There's seven facies in the Eagle Ford in that area and we're basically landing them between facies two and three and facies six and seven. Now we don't have an update of cleaned up production yet to show you but I can tell you the pressures on the wells all look good.
The Uppers look as good as the Lowers, and the wells are making more than 10 million a day each in terms of gas rate. So a lot of gas being produced here early on.
I'm excited about the test because I think if it works well, this is going to have very positive implications again for future inventory on at least that south and eastern portion of our acreage, which is of course, again some of the most valuable acreage in our operating position. So we'll have data on that pretty soon here.
We're tubing those wells up. And I think we're pretty encouraged so far with what we've seen. Still very early. Another quick update for you on slide 20 on our Bakken testing in Divide County, North Dakota. Our first nine wells, that we've already discussed, continue to perform very well, outperforming our Three Forks side curve for the area.
We do have two more wells drilled farther south. One of those is completed and flowing back, and the other is completing. Should have more results there again this year in a couple months. It takes a while to clean these up. So before I close, I'd just like to make a couple comments about where we're going over the next few quarters.
In general our rig count is about where it's going to be for a while. Although we will be shifting activity toward the Permian and Bakken, taking advantage of the slowdown, frankly in the non-op Eagle Ford to shift capital toward the Permian and Bakken to take advantage of our better oily economics there.
We're going to be completing our DUC wells, as Wade indicated. We're probably going to start on our Bakken completions in the fourth quarter. It won't have a big capital impact, because again, the non-op is slowing down.
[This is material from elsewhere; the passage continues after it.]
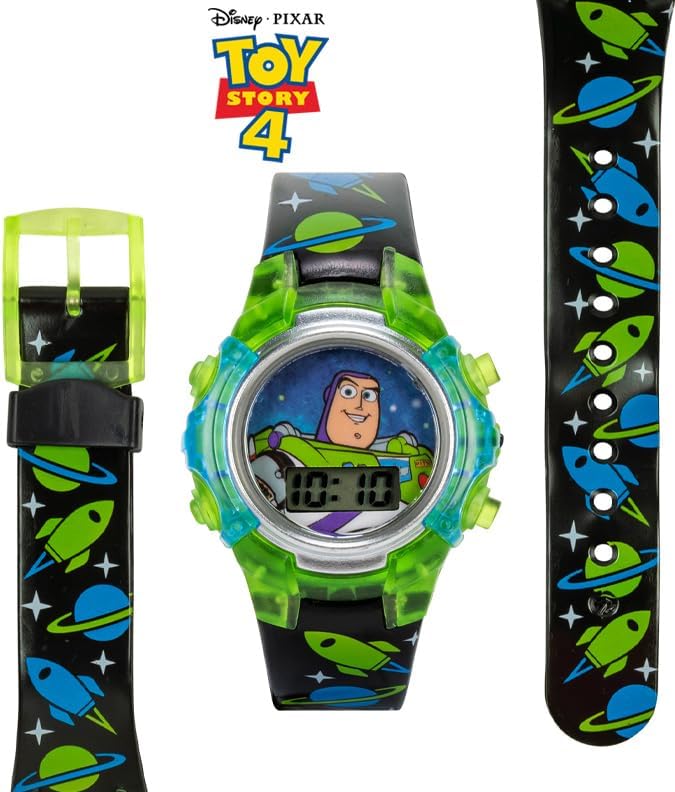 Disney Pixar Toy Story 4 Buzz Lightyear Kids Flashing LCD Watch With Colorful Light-Up Dial Durable Case Space-Themed Strap – Perfect For Ages 4+ Boys And Girls – Fits Wrists 5.5" To 8"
But we're going to try to get some of those done in North Dakota before we get into the really cold weather portion of the year of 2016.
Again I don't foresee any material impact on our overall investment level in 2015 to do that because our non-op activity is going below our original capital spending forecast, but it'll have a positive impact on oil rate early in the year and certainly the most economic thing in our portfolio right now is to complete those DUC wells.
In the current price environment trading dollars from the non-op to our operated oily assets is a net positive. So as we move into 2016, actually slowing down the non-op and picking up oily activity on our operated acreage is a good thing. We'll continue to take advantage of every opportunity we have to reduce cost and improve our well performance.
And of course, we'll keep you posted on our inventory situation as that evolves. All right, we know you're busy today, so I'm going to wrap up by just saying, hey, we had another strong quarter. Our balance sheet is in good shape and we have a lot of liquidity.
Our focus as we go forward is going to be on maximizing cash flow while limiting increases in our leverage, as Wade indicated, and we'll do that by focusing on completing our very best return projects. We are excited about the fact that we can continue to build inventory here even at the bottom of the cycle.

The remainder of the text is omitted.